Nbpem Connection Errors in NetBackup 7.7.x and 8.0

Problem: Nbpem may crash after changing policy schedule type from Calendar to Frequency

 Solution: The workaround is to be aware of the appropriate values in the schedule. Ultimately, delete the policy to get nbpem to load.

Here is a step by step recap:

8 RMAN jobs were failing with status 25 (cant connect) connection errors while bprd connected successfully. Found no transmission control protocol, host resolution, or network issues.

RMAN log showed that it was failing after sending policy info


0:13:09.334 [3020] <2> async_connect: [vnet_connect.c:1477] connect in progress 1 0x1

00:13:09.334 [3020] <2> vnet_pbxConnect: pbxConnectEx Succeeded

00:13:09.334 [3020] <2> do_pbx_service: [vnet_connect.c:2116] via PBX bprd CONNECT FROM TO fd = 15

00:13:09.334 [3020] <2> async_connect: [vnet_connect.c:1644] connect async CONNECT FROM TO fd = 15

00:13:09.334 [3020] <2> connect_to_service: connect succeeded STATUS (0) SUCCESS FROM TO bprd VIA pbx

00:13:09.335 [3020] <2> logconnections: BPRD CONNECT FROM TO fd = 15

00:13:09.335 [3020] <2> vnet_check_vxss_client_magic_with_info: [vnet_vxss_helper.c:833] VxSS not supported 0 0x0

00:13:09.335 [3020] <4> serverResponse: entering serverResponse.

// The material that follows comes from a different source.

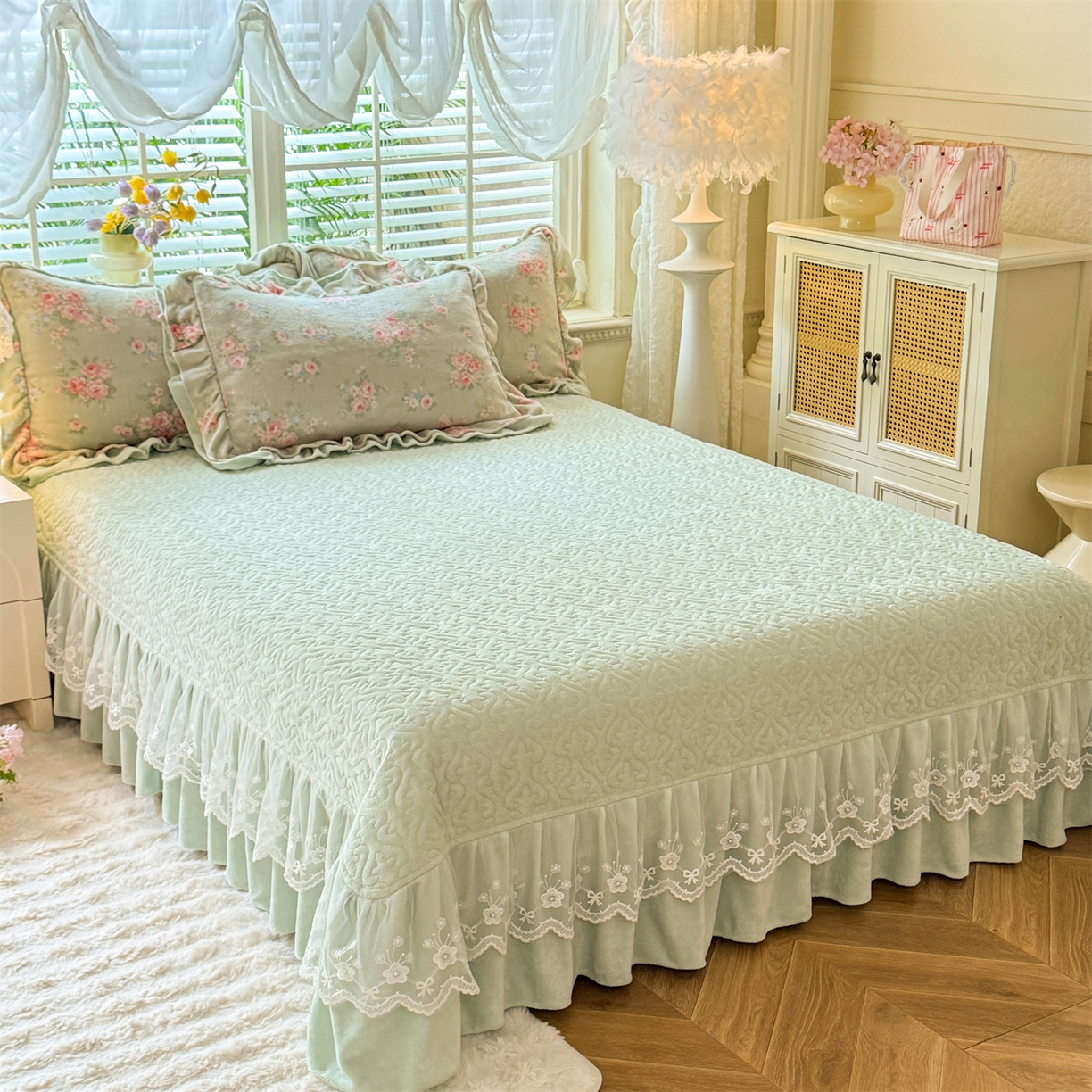 91家纺网 家纺一手货源 找家纺 绒棉世家 2025秋冬新款A类加厚牛奶绒花边床盖款床裙四件套（特殊尺寸床笠另外+10元） 阿芙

00:13:09.335 [3020] <4> serverResponse: initial client_read_timeout = <1800>

00:13:09.335 [3020] <4> readCommMessages: Entering readCommMessages

00:13:10.335 [3020] <4> serverResponse: read comm file:<00:13:09 Initiating backup>

00:13:10.335 [3020] <4> serverResponse: read comm file:<00:13:10 INF - Server status = 25>

00:13:10.335 [3020] <16> serverResponse: ERR - server exited with status 25: cannot connect on socket

00:13:10.335 [3020] <16> CreateNewImage: ERR - serverResponse() failed

00:13:10.335 [3020] <4> closeApi: entering closeApi.

00:13:10.335 [3020] <4> closeApi: INF - EXIT STATUS 6: the backup failed to back up the requested files

A shared memory and nbpem error was in the messages log that started intermittently at the same time the rman jobs started failing.

May  4 15:52:45 server01 SQLAnywhere(nb_servers01): Disconnecting shared memory client, process id not found

May  4 15:52:45 server01 SQLAnywhere(nb_servers01): Disconnected SharedMemory client's AppInfo: IP=;;OSUSER=root;OS='Linux 2.6.32-504.30.3.el6.x86_64 #1 SMP Thu Jul 9 15:20:47 EDT 2015 x';EXE=/usr/openv/netbackup/bin/nbpem;PID=0x2f92;THREAD=0x7f51c5a17700;VERSION=;API=ODBC;TIMEZONEADJUSTMENT=-360

After rebooting the appliance, we discovered a NBPEM process coredumping with an assertion error in the nbpem log.

Cleaned NBPEM cache: Procedure for clearing the NetBackup Policy Execution Manager (nbpem) cache on NetBackup 7.x

Then discovered this technote regarding NBPEM assertion errors causing status 25 (cant connect): NetBackup 7.1 NBPEM process is core dumping on start with assertion error after LastBackupData::getWindowTimes and anything connecting to nbpem gets status 25.

Disabled poilicies and restarted services and nbpem stayed up.

One of the NBU admins admitted to copying a policy and a schedule issue at the time the nbpem shared memory error started.

We deleted the corrupt policy; restarted services; restarted jobs.